▶ [EXERCISE] Please copy out the entries until you have copied the line that contains "TASAMO Women's Long", beginning with the first line.

▶ [MATERIAL FOR THIS TASK]
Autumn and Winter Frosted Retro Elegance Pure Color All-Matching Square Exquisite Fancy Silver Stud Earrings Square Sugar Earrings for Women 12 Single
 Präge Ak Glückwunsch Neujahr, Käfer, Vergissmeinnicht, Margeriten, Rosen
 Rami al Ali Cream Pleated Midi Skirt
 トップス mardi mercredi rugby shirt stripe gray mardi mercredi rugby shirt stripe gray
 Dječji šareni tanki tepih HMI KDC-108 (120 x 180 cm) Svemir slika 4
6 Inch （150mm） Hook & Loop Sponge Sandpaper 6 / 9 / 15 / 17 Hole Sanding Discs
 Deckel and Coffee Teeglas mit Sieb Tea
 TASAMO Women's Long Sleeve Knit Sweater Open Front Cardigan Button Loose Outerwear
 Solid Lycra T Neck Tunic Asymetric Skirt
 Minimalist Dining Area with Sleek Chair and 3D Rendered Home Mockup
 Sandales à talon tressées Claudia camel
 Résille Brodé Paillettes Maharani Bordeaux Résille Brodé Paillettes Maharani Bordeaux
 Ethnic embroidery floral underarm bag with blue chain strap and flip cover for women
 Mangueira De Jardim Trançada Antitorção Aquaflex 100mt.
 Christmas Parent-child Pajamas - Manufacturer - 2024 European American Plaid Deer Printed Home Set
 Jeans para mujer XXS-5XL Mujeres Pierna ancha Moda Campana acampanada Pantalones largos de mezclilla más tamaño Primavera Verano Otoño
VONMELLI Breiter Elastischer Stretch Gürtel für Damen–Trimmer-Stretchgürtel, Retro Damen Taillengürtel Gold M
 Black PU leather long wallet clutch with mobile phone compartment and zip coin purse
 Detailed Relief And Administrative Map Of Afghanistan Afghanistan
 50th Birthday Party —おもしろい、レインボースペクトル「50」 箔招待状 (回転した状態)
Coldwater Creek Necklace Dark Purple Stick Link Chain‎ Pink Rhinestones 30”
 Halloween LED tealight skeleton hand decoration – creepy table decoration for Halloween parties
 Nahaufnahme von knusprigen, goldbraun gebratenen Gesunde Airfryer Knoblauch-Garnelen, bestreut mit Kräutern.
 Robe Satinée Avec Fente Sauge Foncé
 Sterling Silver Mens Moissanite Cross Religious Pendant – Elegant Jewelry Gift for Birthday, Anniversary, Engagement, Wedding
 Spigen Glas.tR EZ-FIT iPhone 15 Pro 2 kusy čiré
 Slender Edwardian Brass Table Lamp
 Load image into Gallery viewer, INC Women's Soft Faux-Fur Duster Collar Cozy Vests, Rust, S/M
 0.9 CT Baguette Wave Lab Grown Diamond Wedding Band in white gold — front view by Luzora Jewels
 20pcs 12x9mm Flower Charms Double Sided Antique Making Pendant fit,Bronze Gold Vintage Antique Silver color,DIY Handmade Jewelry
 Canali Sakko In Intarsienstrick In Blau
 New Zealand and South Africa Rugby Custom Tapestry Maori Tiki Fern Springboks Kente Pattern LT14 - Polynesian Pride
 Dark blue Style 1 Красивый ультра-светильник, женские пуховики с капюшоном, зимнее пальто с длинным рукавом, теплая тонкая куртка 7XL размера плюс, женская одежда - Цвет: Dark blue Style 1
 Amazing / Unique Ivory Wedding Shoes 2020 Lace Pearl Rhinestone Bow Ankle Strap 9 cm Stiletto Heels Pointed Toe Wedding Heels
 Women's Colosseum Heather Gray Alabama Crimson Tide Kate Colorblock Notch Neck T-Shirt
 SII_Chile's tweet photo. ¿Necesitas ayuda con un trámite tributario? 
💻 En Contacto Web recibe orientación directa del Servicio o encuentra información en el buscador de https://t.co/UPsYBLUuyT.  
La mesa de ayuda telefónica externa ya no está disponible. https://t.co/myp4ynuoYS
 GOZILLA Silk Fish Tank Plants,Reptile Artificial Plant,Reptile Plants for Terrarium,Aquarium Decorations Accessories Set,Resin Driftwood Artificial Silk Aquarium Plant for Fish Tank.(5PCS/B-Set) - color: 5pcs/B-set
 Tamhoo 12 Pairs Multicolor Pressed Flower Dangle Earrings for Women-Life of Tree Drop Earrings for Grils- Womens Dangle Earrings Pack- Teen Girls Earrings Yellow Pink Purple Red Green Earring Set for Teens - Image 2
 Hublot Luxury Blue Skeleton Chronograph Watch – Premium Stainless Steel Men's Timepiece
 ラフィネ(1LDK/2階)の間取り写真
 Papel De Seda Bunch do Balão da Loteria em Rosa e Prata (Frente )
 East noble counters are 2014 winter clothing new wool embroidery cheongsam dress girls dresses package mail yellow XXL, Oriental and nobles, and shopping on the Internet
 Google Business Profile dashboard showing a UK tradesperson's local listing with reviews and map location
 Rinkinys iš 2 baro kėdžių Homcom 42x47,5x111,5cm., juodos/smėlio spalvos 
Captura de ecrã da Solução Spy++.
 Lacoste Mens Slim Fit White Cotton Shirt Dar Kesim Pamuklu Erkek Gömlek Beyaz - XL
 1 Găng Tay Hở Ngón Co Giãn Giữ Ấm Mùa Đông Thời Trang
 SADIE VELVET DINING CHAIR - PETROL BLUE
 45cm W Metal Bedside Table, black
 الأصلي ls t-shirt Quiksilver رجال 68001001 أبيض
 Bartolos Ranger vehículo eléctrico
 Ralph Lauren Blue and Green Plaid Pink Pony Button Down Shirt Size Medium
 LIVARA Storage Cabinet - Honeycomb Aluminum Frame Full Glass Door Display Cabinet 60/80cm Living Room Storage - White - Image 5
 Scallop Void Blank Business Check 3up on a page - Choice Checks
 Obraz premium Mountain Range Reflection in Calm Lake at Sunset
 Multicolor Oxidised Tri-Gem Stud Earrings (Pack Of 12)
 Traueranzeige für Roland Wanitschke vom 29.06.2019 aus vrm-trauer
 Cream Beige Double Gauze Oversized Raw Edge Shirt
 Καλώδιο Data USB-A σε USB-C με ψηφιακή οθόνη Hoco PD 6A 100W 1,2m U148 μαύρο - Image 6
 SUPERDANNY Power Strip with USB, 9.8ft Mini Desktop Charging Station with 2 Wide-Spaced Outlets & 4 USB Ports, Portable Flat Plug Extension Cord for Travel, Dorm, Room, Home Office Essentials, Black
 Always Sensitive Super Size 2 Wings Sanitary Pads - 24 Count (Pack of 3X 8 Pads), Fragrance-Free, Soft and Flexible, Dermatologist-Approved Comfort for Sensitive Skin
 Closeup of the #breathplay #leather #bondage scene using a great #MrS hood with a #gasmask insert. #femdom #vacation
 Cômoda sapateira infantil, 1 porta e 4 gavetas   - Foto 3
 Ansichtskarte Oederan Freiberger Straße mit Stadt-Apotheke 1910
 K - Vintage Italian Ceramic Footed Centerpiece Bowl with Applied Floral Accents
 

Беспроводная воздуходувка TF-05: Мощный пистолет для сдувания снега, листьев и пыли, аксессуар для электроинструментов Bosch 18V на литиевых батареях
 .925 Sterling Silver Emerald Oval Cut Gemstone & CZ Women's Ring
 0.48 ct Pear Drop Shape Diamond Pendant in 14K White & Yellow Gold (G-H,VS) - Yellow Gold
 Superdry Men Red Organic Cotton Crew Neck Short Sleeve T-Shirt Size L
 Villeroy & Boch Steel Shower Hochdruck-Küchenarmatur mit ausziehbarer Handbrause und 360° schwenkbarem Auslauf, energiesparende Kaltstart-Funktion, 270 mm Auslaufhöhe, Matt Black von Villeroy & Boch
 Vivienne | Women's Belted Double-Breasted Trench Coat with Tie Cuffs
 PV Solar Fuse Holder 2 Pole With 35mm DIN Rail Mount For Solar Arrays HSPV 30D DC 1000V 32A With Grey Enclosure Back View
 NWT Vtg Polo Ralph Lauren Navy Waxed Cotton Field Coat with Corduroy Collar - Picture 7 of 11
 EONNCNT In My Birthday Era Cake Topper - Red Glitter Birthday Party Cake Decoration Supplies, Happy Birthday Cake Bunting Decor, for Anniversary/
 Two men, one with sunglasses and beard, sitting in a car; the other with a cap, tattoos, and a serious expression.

▶ [EXERCISE OUTPUT]
Autumn and Winter Frosted Retro Elegance Pure Color All-Matching Square Exquisite Fancy Silver Stud Earrings Square Sugar Earrings for Women 12 Single
 Präge Ak Glückwunsch Neujahr, Käfer, Vergissmeinnicht, Margeriten, Rosen
 Rami al Ali Cream Pleated Midi Skirt
 トップス mardi mercredi rugby shirt stripe gray mardi mercredi rugby shirt stripe gray
 Dječji šareni tanki tepih HMI KDC-108 (120 x 180 cm) Svemir slika 4
6 Inch （150mm） Hook & Loop Sponge Sandpaper 6 / 9 / 15 / 17 Hole Sanding Discs
 Deckel and Coffee Teeglas mit Sieb Tea
 TASAMO Women's Long Sleeve Knit Sweater Open Front Cardigan Button Loose Outerwear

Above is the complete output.